Added a `register_default_progress_handler()` function to `utils.R` that creates a default progress bar for sampling operations and registers it as global handler for progressr. Requires `cli` and `progressr`.
Was accidentally passing `refresh` to each informational progress bar update, rather than the calculated `progress_amount`. This caused each message line to update the progress bar, even if it didn't match an iteration message.
Moved code to close the progress bar to after the `check_finished()` function.
The nature of CmdStan's output makes pulling appropriate refresh and update values for the progress bar slightly tricky. In the original verison of the code, this led to the bar occasionally updating past the point where it was full, or terminating early due to an incorrectly calculated number of steps. This commit reworks the calculations of updates and refresh values for the progress bar, as well as adding some extra conditions to avoid the bar potentially crashing in odd scenarios.

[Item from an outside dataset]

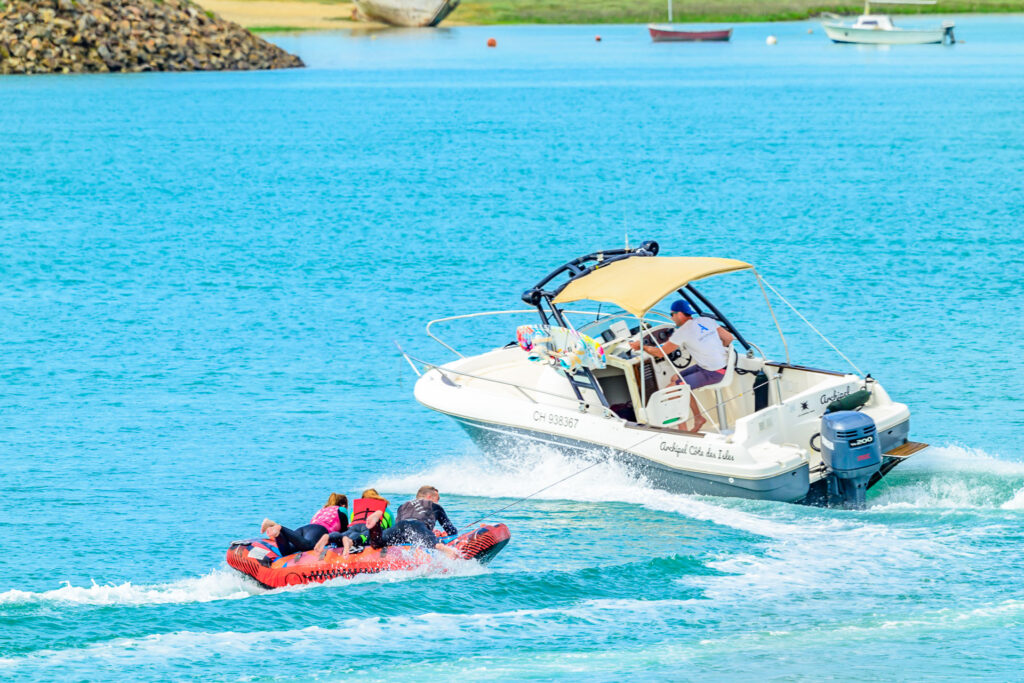 bateau boue tractee portbail (2)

New arguments for `iter_warmup` and `iter_sampling` were not being assigned a default value if not specified in sampling statement.
|
Looks like some tests are failing because the lower bound for iter_sampling should be 0 instead of 1. |
Great. Thanks for this. (First pull request for me on a project like this, so I was a little unfamiliar with the process and running the unit tests.) I've fixed the initial errors, and a couple of other warnings. Now running the tests and documentation generation commands locally before I push an update. |
- `iter_{warmup,sampling}` arguments to MCMCProcs are allowed to be 0.
- Documentation for `register_default_progress_handler` added to
repository.
- Ensured that calls to `progressr` functions are appropriately
prefixed.
Codecov Report❌ Patch coverage is
Additional details and impacted files@@ Coverage Diff @@
## master #1138 +/- ##
==========================================
- Coverage 87.97% 87.46% -0.52%
==========================================
Files 14 14
Lines 5937 6030 +93
==========================================
+ Hits 5223 5274 +51
- Misses 714 756 +42 ☔ View full report in Codecov by Sentry. 🚀 New features to boost your workflow:
|
Added documentation for `show_progress_bar` and `suppress_iteration_messages` in `sample()` function. Changed `require()` calls for `progressr` and `cli` to suggested `requireNamespace()` alternatives.
|
Thanks for the help with the unit tests. In the spirit of peer review, some notes and thoughts:
|
|
Awesome, thank you for the PR! I think I have the flu right now, but I will take a look when I'm feeling better and caught up on work. |
No rush on my side! Hope you feel better soon. |
|
I haven't forgotten about this, just dealing with a backlog of work. In the meantime, I posted on the Stan forum to hopefully get some more people to try it out and let us know how it goes: https://discourse.mc-stan.org/t/please-help-test-a-new-progress-bar-for-sampling-in-cmdstanr/40946
Should we maybe add something to the documentation about this? At least while the progress bar is still new we'll be gathering info about whether any users suffer this fate, so we could warn users that it's an experimental feature and to be cautious using it. Then eventually we can remove the experimental caveat from the doc. What do you think @josswright @VisruthSK? |
|
The changes to I haven't yet looked at the procs code. I assume most of my review comments will be related to the procs code in |
I'd be happy with that. I do think I'm probably just being overly cautious, based on having prodded it quite hard to try and break it, but I don't see any harm in marking it as experimental until more people have had a chance to use it in anger. (Apologies for slow replies--hectic part of term right now.) |
There was a problem hiding this comment.
Thanks again for working on this! I just added a first round of review comments. And here are also some responses to some of your comments above:
In the spirit of peer review, some notes and thoughts:
- I'm not entirely happy with
CmdStan's defaultiter_warmupanditer_samplingvalues being hard-coded intoMCMCProcsdefault call rather than derived somehow. I imagine that the default values are fairly fixed, but I would have liked not to rely on that. Every route I could see to getting them was clunky and brought in unnecessary code.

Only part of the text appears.